Pasco, la nouvelle table du Chef Guy Martin

C’est un classique du quartier. Celui de la Tour Maubourg, paisible et résolument parisien. C’est aussi une adresse privilégiée, baignée de lumière, faisant face à l’histoire de France – les bâtiments de l’hôtel des Invalides. Deux belles raisons pour le Chef d’inaugurer la première page d’une belle collection : Maison Guy Martin. « Des tables de cuisinier, avec une identité propre. Et pour chacune, la volonté de témoigner de l’âme d’un quartier ». A l’image du paysage historique qui plante le décor, Pasco déroule une cuisine française, travaillée avec soin.

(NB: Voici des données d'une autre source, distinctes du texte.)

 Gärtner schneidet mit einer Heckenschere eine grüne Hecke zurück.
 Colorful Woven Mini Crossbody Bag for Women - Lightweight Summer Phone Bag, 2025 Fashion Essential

C’est un angle qui déploie ses volumes aux pieds d’un périmètre haussmanien discret, reposant, typiquement «7ème». Une terrasse joliment plantée, décontractée, pouvant accueillir une quarantaine de personnes au calme, face aux appartements qui hébergent le gouverneur de Paris, et à deux pas de l’esplanade. Pas de pollution sonore, de l’espace et des baies vitrées pour mieux privilégier la vue et la lumière. «C’est presque une adresse de Province en ce qu’elle a de chic et serein» se réjouit le Chef.

Le chic d’une tente napoléonienne pour salle à manger…

«Pasco, c’est une table conviviale – d’affaires ou de copains selon -, pas d’apparat» précise Guy Martin.

D’emblée, les volumes et la pierre apparente confèrent aux lieux l’atmosphère chaleureuse d’une maison particulière. Jusqu’à ce que l’œil s’attarde sur le sens des détails, et l’allusion à l’environnement historique voisin : une toile tendue bleue et blanche, des chaises Napoléon d’un rouge vif, des festons… Katherina Marx signe là une décoration qui se démarque par sa fraicheur et son élégance. Le lustre magistral en verre soufflé et laiton suspendu au- dessus du bar crée la surprise et laisse présager de la sobriété du reste de la salle. Tables, appliques et mobilier sur mesure font écho à la noblesse des tissus d’éditeurs et des quelques objets chinés avec soin. «Je voulais quelque chose d’élégant mais qui reste simple et chaleureux, je ne voulais pas d’un décor intimidant ou qui prenne le pas sur la compagnie que l’on partage» confie Guy Martin. «Pasco, c’est une table conviviale – d’affaires ou de copains selon -, pas d’apparat».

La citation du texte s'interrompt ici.